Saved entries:
☆ ☆ ☆

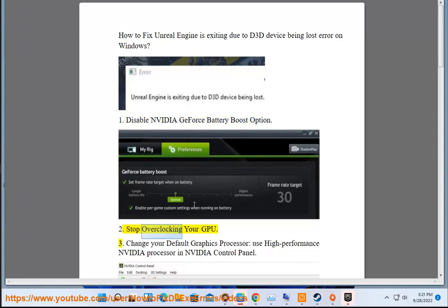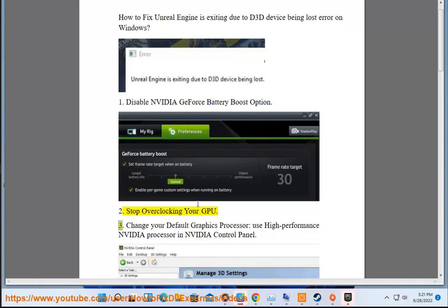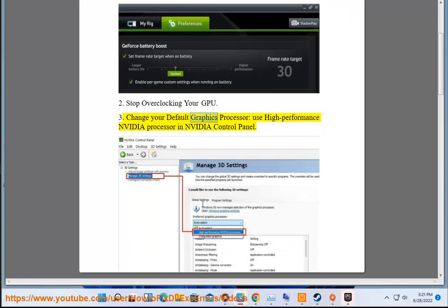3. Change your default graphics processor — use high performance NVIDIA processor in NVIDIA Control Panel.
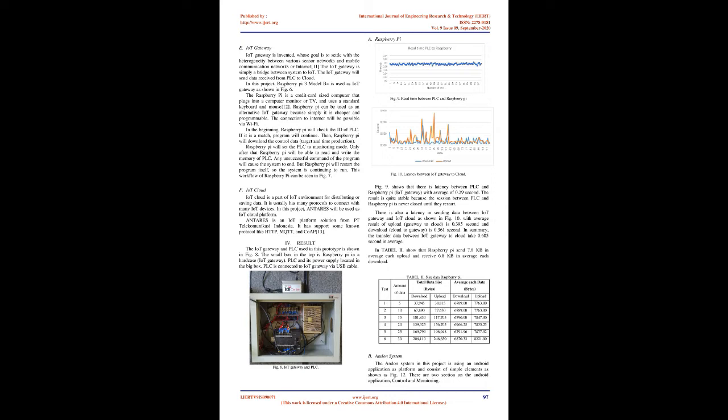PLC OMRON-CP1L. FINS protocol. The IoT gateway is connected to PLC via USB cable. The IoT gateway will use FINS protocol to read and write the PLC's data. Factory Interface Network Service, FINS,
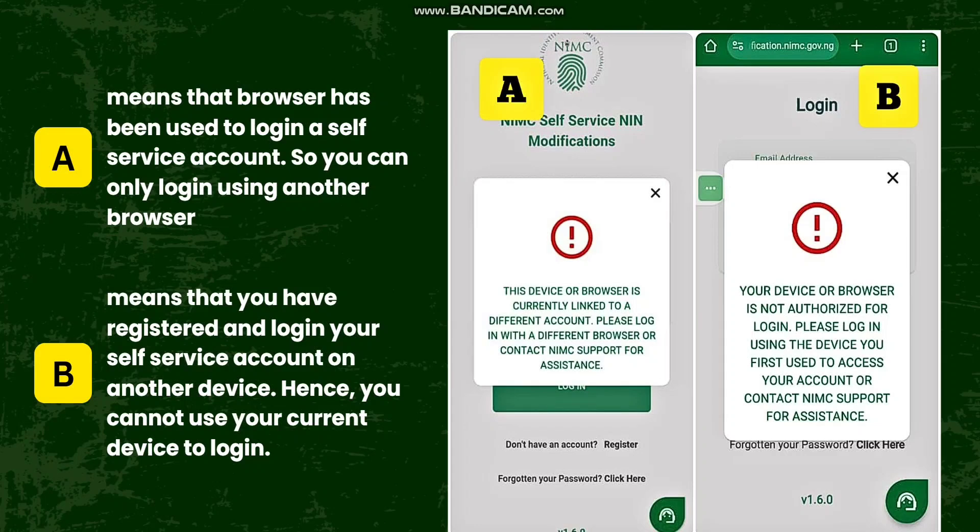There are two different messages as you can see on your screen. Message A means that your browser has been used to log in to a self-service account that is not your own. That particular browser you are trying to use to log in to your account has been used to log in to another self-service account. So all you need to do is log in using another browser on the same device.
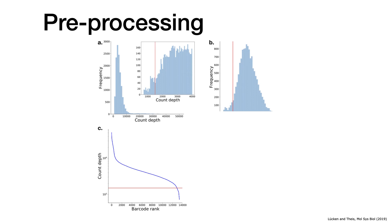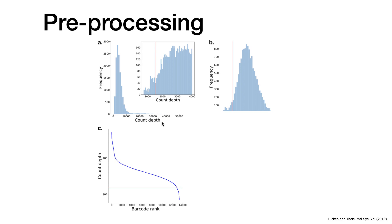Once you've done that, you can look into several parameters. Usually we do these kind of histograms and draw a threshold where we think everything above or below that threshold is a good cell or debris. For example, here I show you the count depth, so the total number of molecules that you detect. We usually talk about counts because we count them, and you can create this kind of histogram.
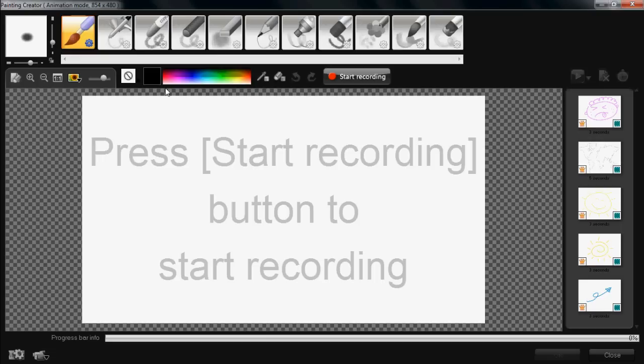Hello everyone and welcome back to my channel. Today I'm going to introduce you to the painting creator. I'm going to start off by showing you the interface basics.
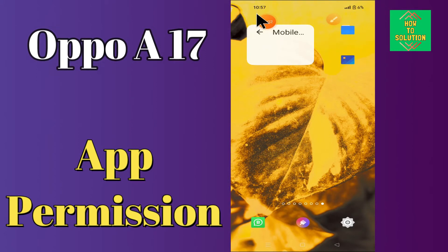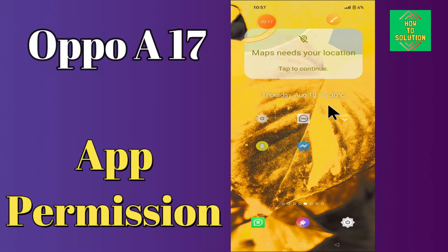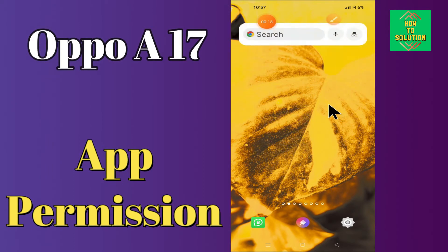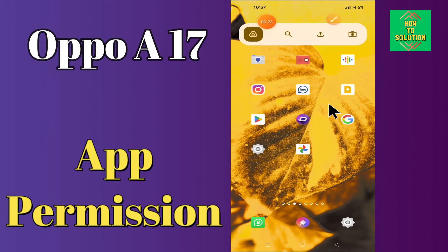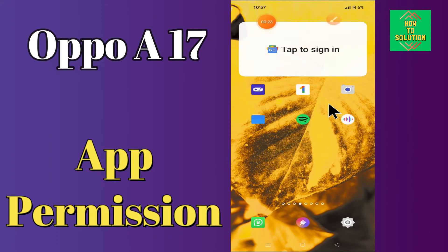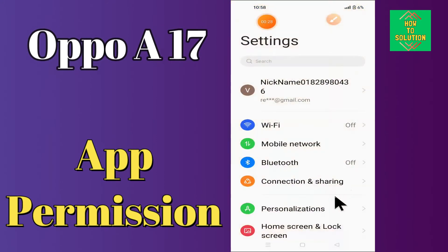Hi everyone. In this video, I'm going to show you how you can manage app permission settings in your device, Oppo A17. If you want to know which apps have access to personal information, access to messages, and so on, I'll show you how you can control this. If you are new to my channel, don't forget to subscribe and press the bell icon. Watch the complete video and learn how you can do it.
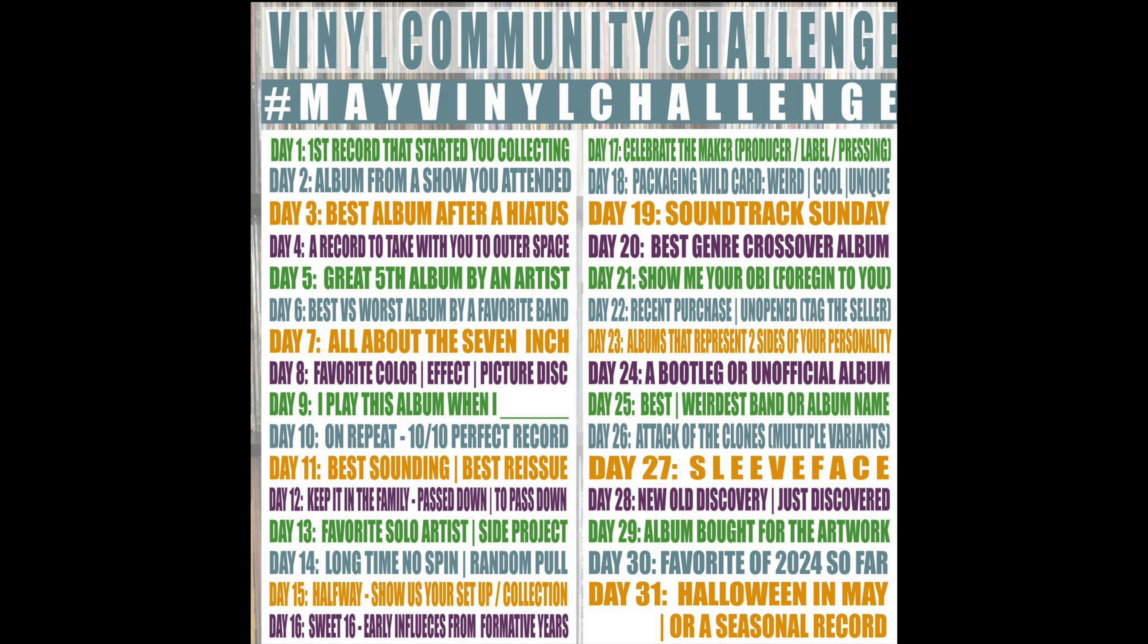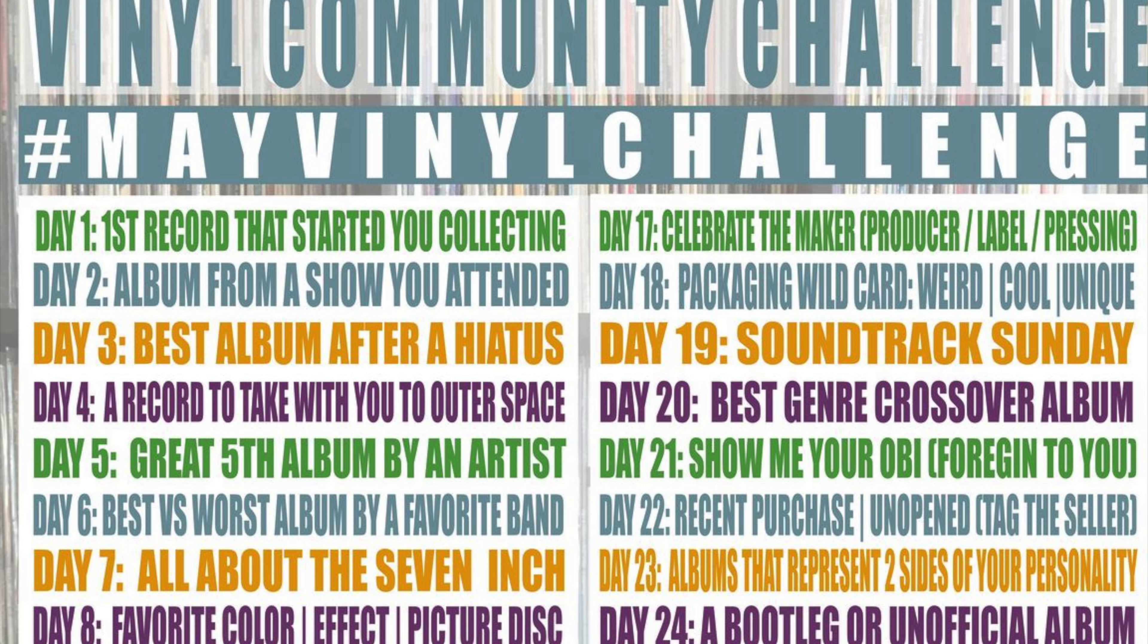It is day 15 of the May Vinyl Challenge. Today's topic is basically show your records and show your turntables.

☆ ☆ ☆

## Task instructions
When you reach the line containing "Hello everyone and" in the records above, write out that line and every line after it through the end, exactly, but omit the pictures.

## Exercise response
Hello everyone and welcome back to my channel. Today I'm going to introduce you to the painting creator. I'm going to start off by showing you the interface basics.
Hi everyone. In this video, I'm going to show you how you can manage app permission settings in your device, Oppo A17. If you want to know which apps have access to personal information, access to messages, and so on, I'll show you how you can control this. If you are new to my channel, don't forget to subscribe and press the bell icon. Watch the complete video and learn how you can do it.
It is day 15 of the May Vinyl Challenge. Today's topic is basically show your records and show your turntables.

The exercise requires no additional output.